If desired, every single nut and bolt, every purchase order and every work instruction order could be tracked.

If you mention configuration management in the construction industry, the chances are you'll get a blank look in response; but configuration management is nothing new. It began in computing in the late 1950s as a response to the need to control first hardware production, then later, software development. Configuration management was soon adopted in other industries, and development of national and international standards in configuration management followed. This would suggest that many organisations find that configuration management adds value and the construction industry should be no exception.
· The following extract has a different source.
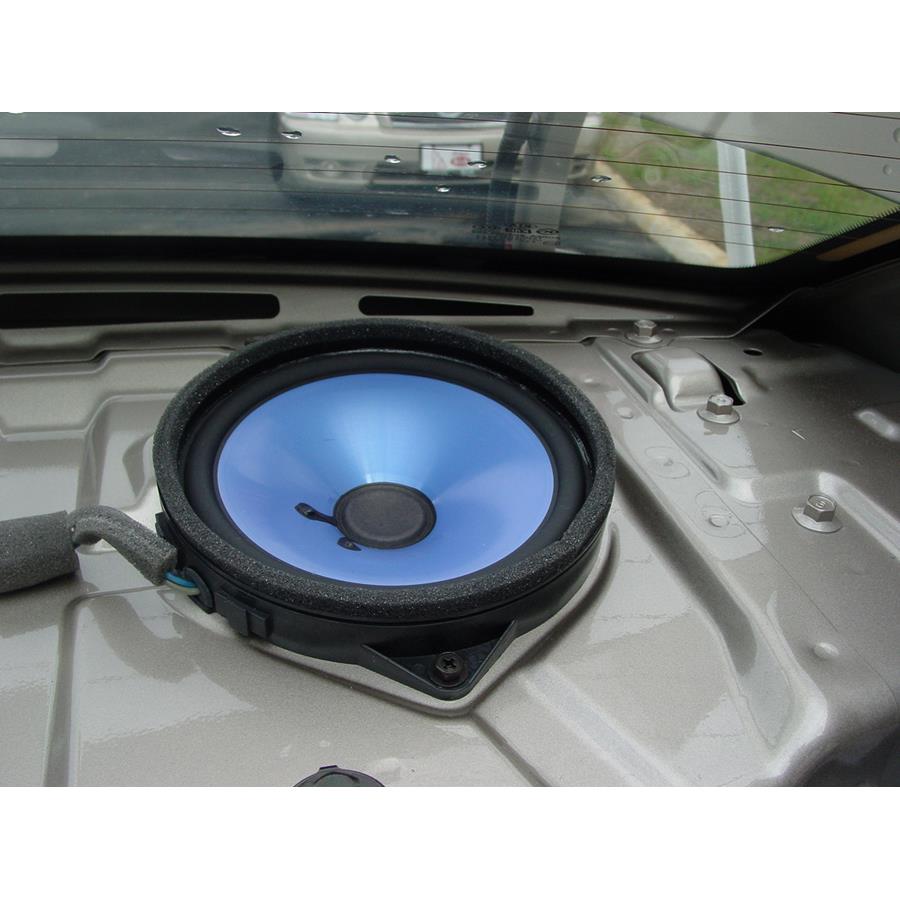 2007 Kia Spectra Rear deck speaker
How do we apply configuration management to construction? At its core, configuration management serves two primary purposes. The first is to ensure requirements are documented and delivered. This sounds like an easy task - simply ask your client what they want, then build it. But what happens when requirements change? Who confirms that what is being built meets the new requirements? Or when architect's drawings change to accommodate new legislation, who assesses the requirements for continued validity?
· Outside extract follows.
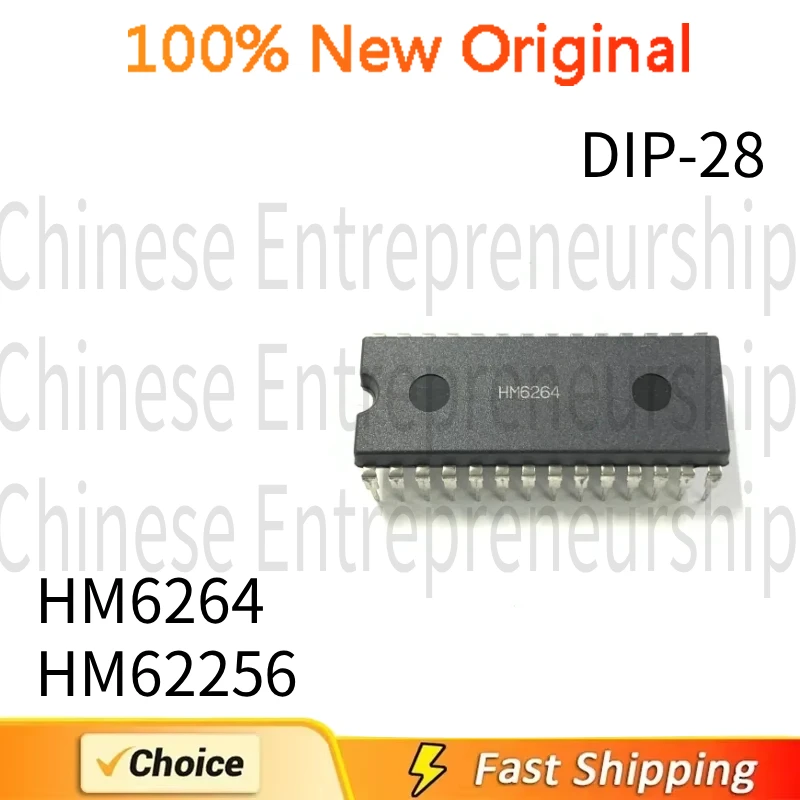 10 Pcs DIP-28 HM626… - image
As the as-built building is delivered, configuration management will validate that the non-cost element of the original business case is still sound and will ultimately confirm delivery of those requirements against tangible assets.

The second purpose of configuration management is to provide a baseline against which change can be controlled. In this light, configuration management and change management are opposite sides of the same coin. If everyone is not working off the same drawings, specifications, schedule and quality plan, how does the project ensure the integrity of the final build - short of costly and time consuming rework? Configuration management controls the current documentation baseline, without which change management is constantly trying to catch up.

Configuration management adds much more value than simply documenting requirements. It represents a set of activities which dovetail with established disciplines such as scheduling, supplier management and risk management. For example, it can identify the documents and drawings which will be issued to contractors, ensuring that a controlled package of work is issued. It can identify the dependencies between all elements of a project, such that if a contractor raises a claim for variation of costs, the latest version of the contract is assessed against the package of work issued to ascertain whether there is any basis for the claim and whether it has any related risk or scope impacts which need to be taken into consideration.

As with any control activity, configuration management can be deployed to the degree which is useful for an individual project. If desired, every single nut and bolt, every single purchase order and every single work instruction could be tracked and managed. Configuration management can also be deployed at a strategic level, tracking key documents. This not only ensures that what is built is what was specified, but that it has been built to the standard required and is still desired by the client.

This article is intended to highlight the value configuration management can add within the construction industry. If there are any doubts remaining, consider this; the single largest cost associated with any construction project begins when construction ends. The lifespan of a single building can span centuries, and the associated operation and maintenance costs far outweigh the capital outlay. Correctly deployed and managed, configuration management will not only ensure that the necessary manuals and contracts are in place to reduce ongoing running costs, but that the original supplier organisation can be identified many years after completion of works.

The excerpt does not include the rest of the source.